Rwanda. La mutazione democratica

di Valentino De Bernardis

Kagame paul grandeLa democrazia ha sempre ragione, il popolo deve decidere il proprio futuro. Questo è il mantra in voga negli ultimi mesi in Ruanda, cioè da quando lo scorso mese di luglio oltre 3,7 milioni di persone (il 59% degli aventi diritto al voto) hanno raccolto le firme per modificare la costituzione e permettere al presidente in carica, Paul Kagame, di poter ricandidarsi alla successione di sé stesso al termine del suo secondo mandato consecutivo (2017).
Nella cronologia dei fatti, dopo la presentazione delle firme al Parlamento, e la seguente approvazione da parte della Camera bassa del paese lo scorso 29 ottobre a stragrande maggioranza (75 voti su 80), il 18 dicembre si è provveduto all’ultimo passaggio per rendere operative le modifiche alla costituzione, cioè il referendum confermativo.
Secondo i risultati preliminari della Commissione Nazionale Elettorale (NEC), dopo aver scrutinato 21 distretti su 30, oltre il 98% dei votanti ha votato in senso affermativo alle riforme costituzionali, prolungando potenzialmente l’orizzonte temporale della presidenza Kagame fino al 2034. A sorprendere non è certamente l’esito del referendum, mai messo in dubbio sia per quanto riguarda l’esito che la portata della vittoria del fronte del Yego (SI), quanto come stia diventando una consuetudine da parte dei leaders del continente africano l’uso strumentale delle istituzioni democratiche per perpetuare la propria permanenza al potere.

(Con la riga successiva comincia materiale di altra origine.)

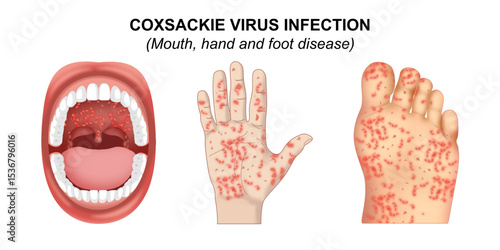 Coxsackie Virus Infection Mouth Hand and Throat Disease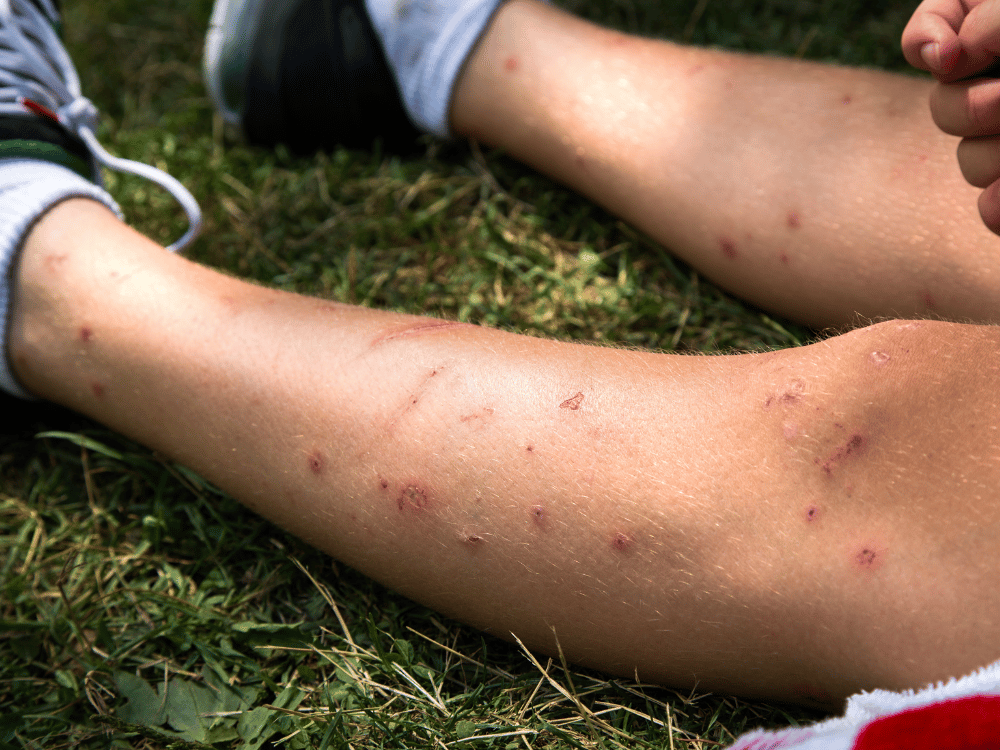 Dératisation Désinsectisation, Expert en punaises de lit au Luc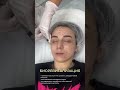 #косметологсочи #бьюти #биоревитализация #уходзакожей #сочи
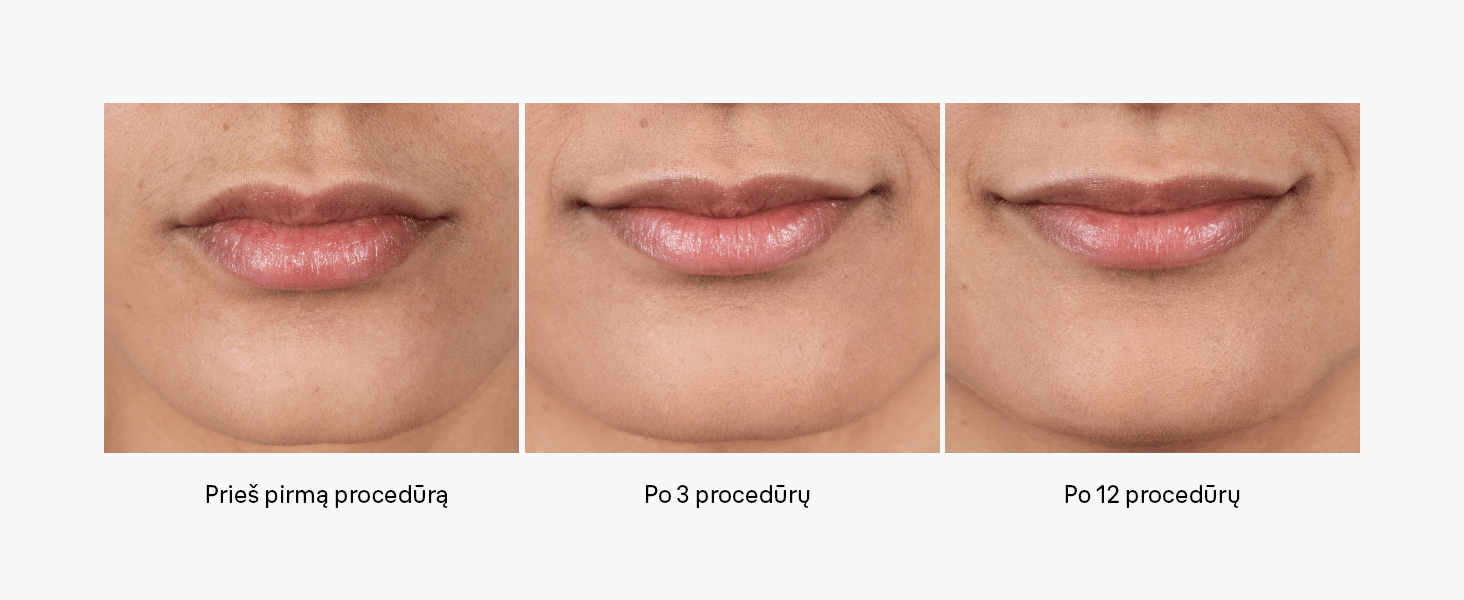 pl1111-silk-expert-ipl-mini-fotoepiliatorius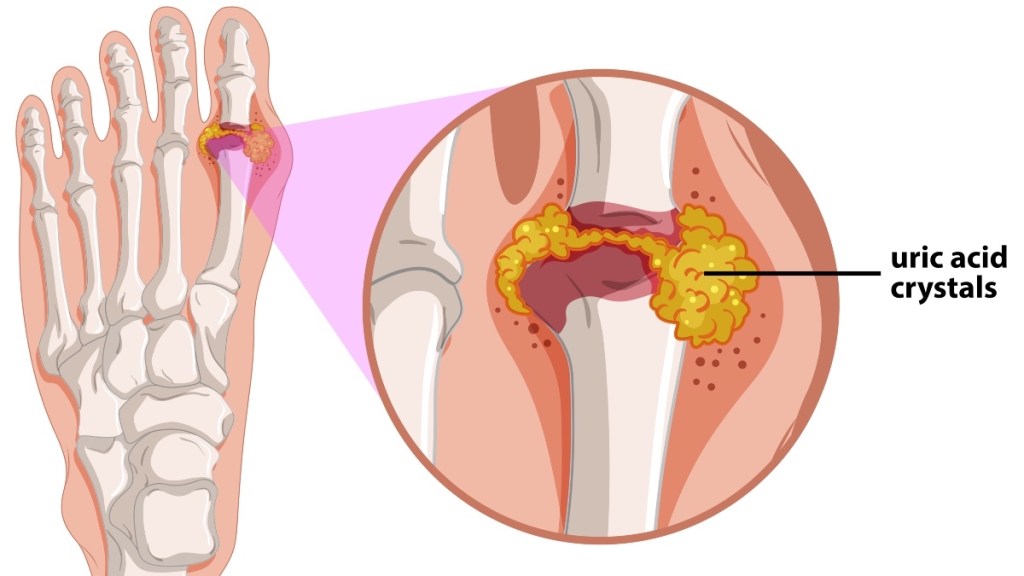 An illustration of uric acid crystals in joint, which causes gout pain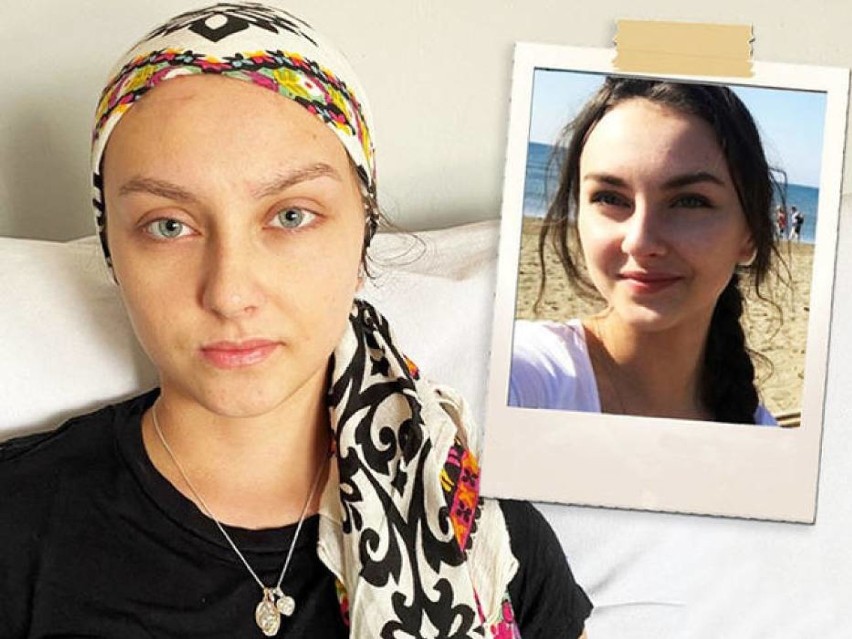 18-letnia Julia Kuczała walczy z guzem mózgu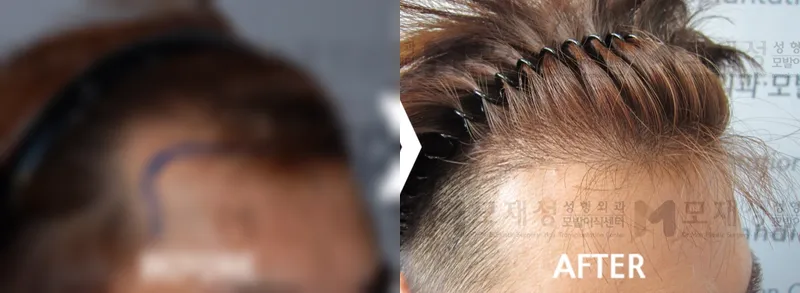 M자 탈모 2,800모 수술 전후 가려진 수술 전 사진과 수술 후 사진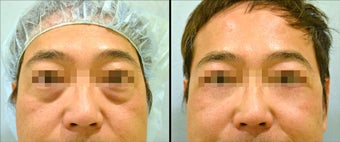 Lower Eyelid(Blepharoplasty) Surgery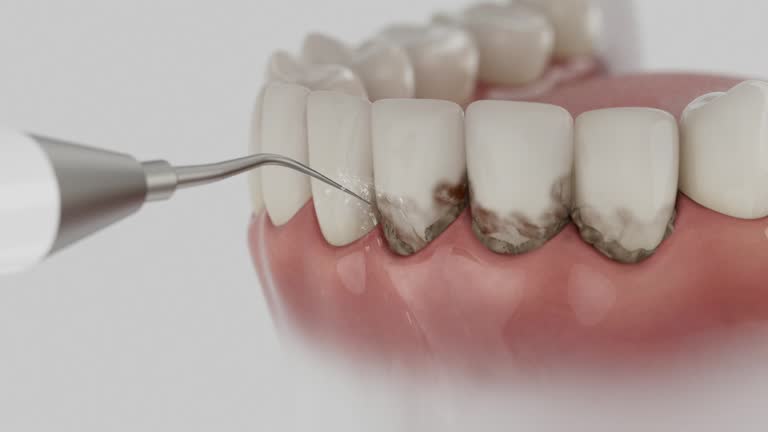 Reliable Tooth Extraction contractor in Warren County County, GA by Dentist Open Now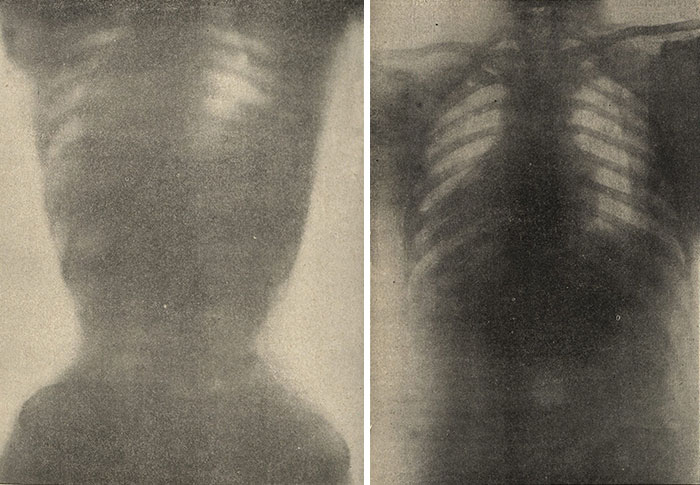 Rayos X de torso femenino con corsé y sin corsé, 1908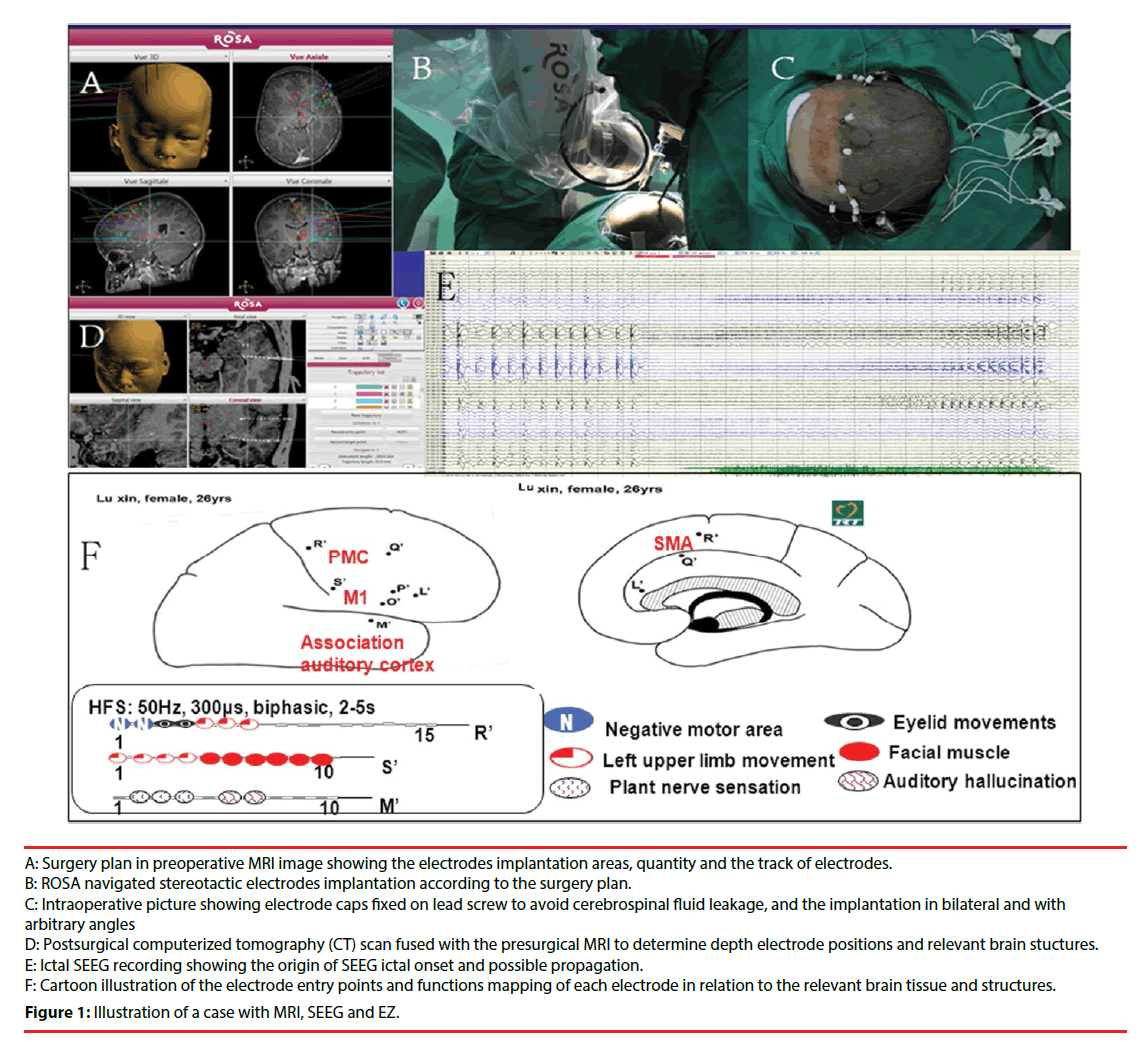 neuropsychiatry-MRI-SEEG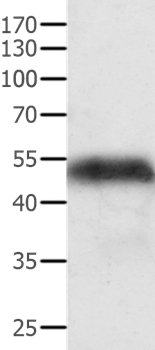 ACPP Antibody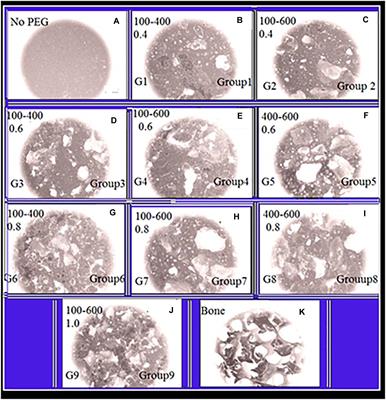 Scaffolds of Macroporous Tannin Spray With Human-Induced Pluripotent Stem Cells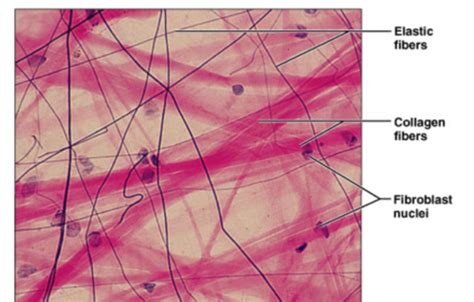 Chapter 2 Histology Connective Tissue Pictures Flashcards | Quizlet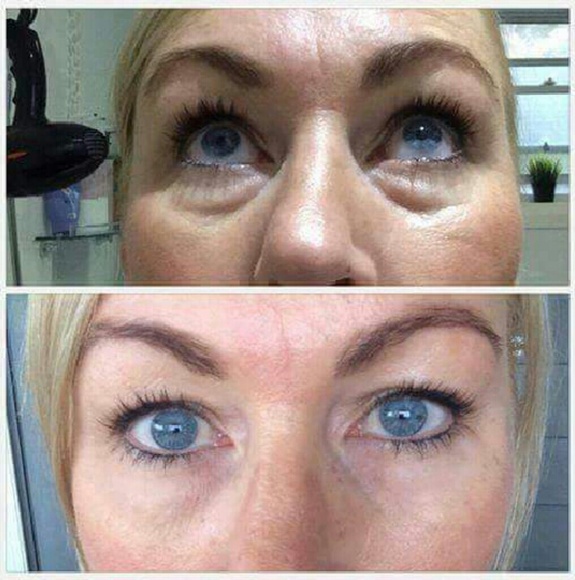 Skin brightening serum!! Brand NEW!! JUST RELEASED - Picture 4 of 4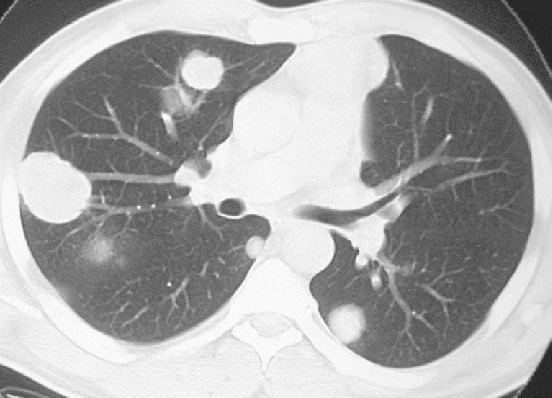 CT scan showing liver-metastatic cancer
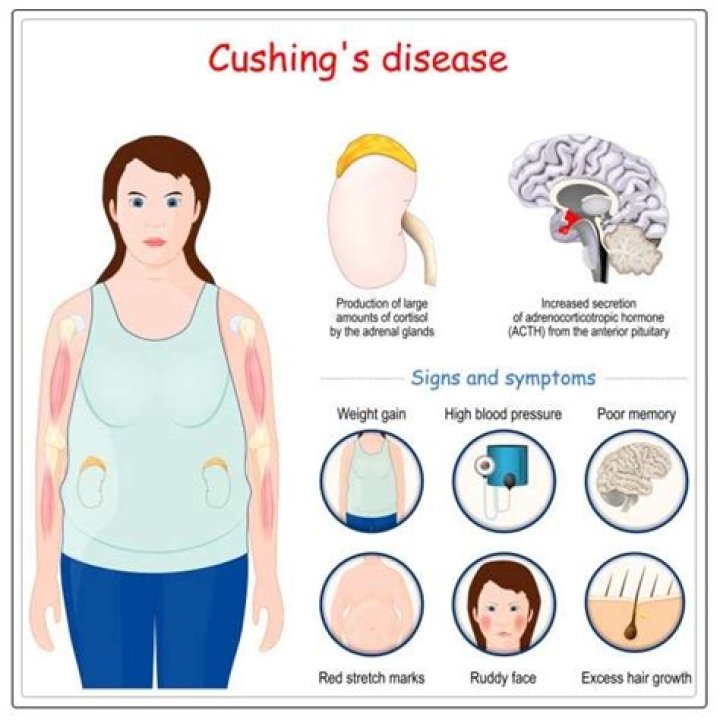What is atypical Cushings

A tal proposito la modifica della Carta fondamentale dello Stato per un mero tornaconto personale e di determinati gruppi (su base etnica ed economica) dimostra come la democrazia in Africa, nel senso di una delle tre forme di governo elaborate da Aristotele in Politica, sia diventata la peggiore nemica di se stessa.
Al di fuori della mera constatazione politica sull’operato della presidenza Kagame, sul quale si può essere più o meno d’accordo, a preoccupare è il risvolto politico-costituzionale dell’esito referendario, che sembra aver dato il via libera ad una mutazione del paese, da una democrazia presidenziale ad una figura ibrida tra monarchia e democrazia, a cui mirano buona parte degli attuali presidenti dell’Africa Sub Sahariana. C’è da chiedersi in un tale sistema quali saranno gli spazi politici offerti alle opposizioni, già di per sé spesso molto ridotti, come denunciato da Frank Habineza, presidente del soggetto politico di opposizione Partito Democratico Verde. Il tutto a discapito del paese, privando potenzialmente i cittadini di quella alternanza al comando delle istituzioni che fa di ogni democrazia, una democrazia matura.
In ultimo, se da una parte è facile prevedere che Kagame farà cadere nel vuoto gli inviti dell’amministrazione statunitense a passare la mano, e a non ricandidarsi al completamente del suo secondo mandato consecutivo anche se non più costituzionalmente obbligato, quello che è difficile prevedere è quanti altri stati seguiranno l’esempio ruandese, anche essi ripetendo come un mantra che il popolo deve essere libero di decidere del proprio futuro.